Had anyone noticed that on the choropleth and dot density maps it’s impossible to see Hong Kong or Macau? At a national scale, and for such a large country, it’s inevitable that small areas get overlooked. You could use an inset, or rely on the multiscale characteristics of a web map, but a proportional symbol map allows you to see smaller areas by virtue of the symbol itself. Except we have that large outlier so if we scale our symbols linearly all regions bar Hubei are the same small symbol size.
Alternatively, we might use graduated symbols where a range of values are snapped to a set of symbols of a specific size (graduated symbols). Or we could modify the way the proportional symbols are scaled such as using a logarithmic scale instead of a linear scale.
The legend is really important whenever you do something out of the ordinary in processing the data to accommodate some aspect of the data distribution. We certainly gain far more variation in symbol sizes across the map with this approach, though visually we run the risk of over-emphasizing small values in comparison to the large outlier. As with any proportional symbol map, avoiding overlapping symbols is vital. Repositioning them can help, as can a multiscale web map where symbols disaggregate or de-cluster as you zoom in.
Let’s end with a couple of examples of maps that are easy to make, but just because you can doesn’t mean you should. Firstly, the so-called ‘heat map’.

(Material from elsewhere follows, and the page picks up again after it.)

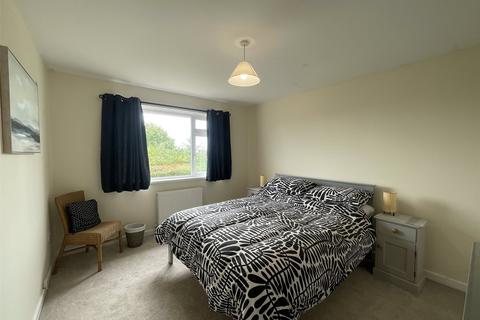 2 bedroom bungalow to rent, Higher Park Road, Braunton, Devon, EX33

This sort of map is really just an interpolated surface using the data values at points that represent the areas on the map. There’s a few drawbacks. Chinese Provinces are quite large. The geometric centre isn’t necessarily the best place to pin the data value to. We could make the points population-weighted but even so, with the coronavirus data being very location specific, using an interpolator to assume some sort of gradual variation between adjacent data points is not helpful. It presents a picture of the data distribution that neither the data nor the geography really support. On top of that, the map doesn’t actually show Hubei as the epicentre. It’s over-generalised. And the colours? A really poor choice that veers into sensationalist territory as China looks all-consumed by the ectoplasmic virus. That’s simply not the case so let’s not make maps like this.
OK, but what about 3D?
3D has a time and a place. It can be a really useful way to encode thematic data on the z-axis and make something useful. But extruding Hubei compared to the rest of the areas just doesn’t work. It’s gratuitous and adds nothing. It’s really hard to make any sense of relative amounts and that’s before we even deal with foreshortening and occlusion.
That’s a rapid run-through of a few ideas to help map data such as this coronavirus outbreak responsibly. Often, the simplest techniques, done well, provide a sound cartographic approach. The key to informing is to work with the data and to not imbue it with misguided or sensationalist data processing or symbology. And what are the key points?
- Hubei has 111 cases per 100,000 people (0.1% of the population).
- Everywhere else in China is less than 2.5 cases per 100,000 people.
- For other countries reporting cases, the rate is even lower.
Maybe words are all that’s needed? But if you’re going to make a map, think about these key aspects, pick a technique that supports the telling of that story, process the data and choose symbols that are suitable, and avoid making a map that misguides, misinforms, or has the potential to go viral as an example of a #cartofail.
Which map would I make? For this data…proportional symbol, log scaled.